President George W. Bush banned the use of profiling for race in 2003 through the Department of Justice’s Guidance Regarding the Use of Race by Federal Law Enforcement Agencies, but left loopholes for national security investigations and border security. In his 2001 Address to a Joint Session of Congress, Bush said the practice is “wrong and we will end it in America.” Those guidelines, which have been under review by the Justice Department for years, only ended profiling for race, not religion, sexual orientation, national origin, or other factors.
Holder has spoken previously about having been the subject of profiling, even when he was a federal prosecutor in Washington. Speaking to students at a St. Louis Community College in August after the death of Michael Brown, Holder told of being stopped by a police officer as he ran to catch a movie in Georgetown, a predominately white neighborhood of Washington, as well as unwarranted traffic stops and car searches on the New Jersey Turnpike.

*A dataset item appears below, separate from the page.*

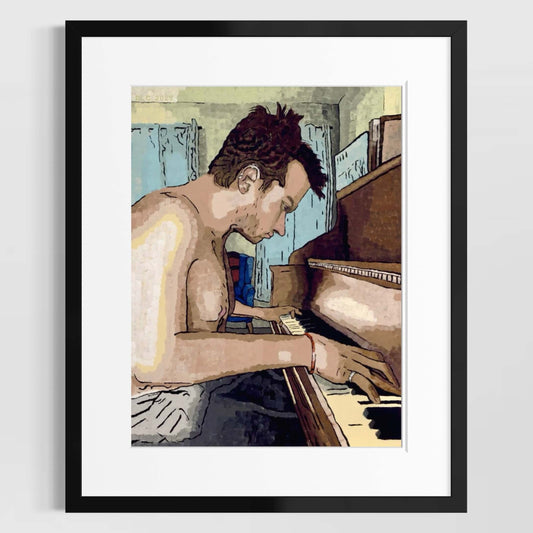 Ivory Keys | Art Print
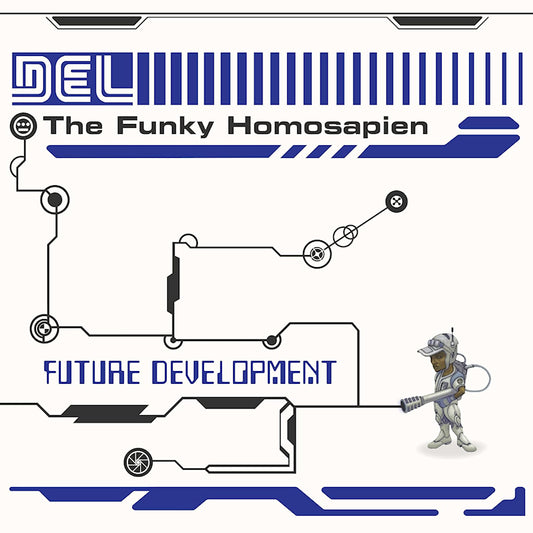 Del The Funky Homosapien - Future development (CD)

“I remember how humiliating that was and how angry I was and the impact it had on me,” Holder said at the time.
Holder’s comments Monday evening come as he is has become the face of the Obama administration’s response to the Brown shooting and subsequent community unrest. Obama tapped Holder in August to take steps to bridge the trust gap that has emerged between law enforcement and the communities they serve, particularly in minority neighborhoods.
“We are dealing with concerns that are truly national in scope and that threaten the entire nation,” Holder told the thousands of attendees. “Broadly speaking, without mutual understanding between citizens–whose rights must be respected–and law enforcement officers–who make tremendous and often-unheralded personal sacrifices every day to preserve public safety–without that trust, without that interaction, there can be no meaningful progress. Our police officers cannot be seen as an occupying force disconnected from the communities they serve. Bonds that have been broken must be restored. Bonds that never existed must now be created.”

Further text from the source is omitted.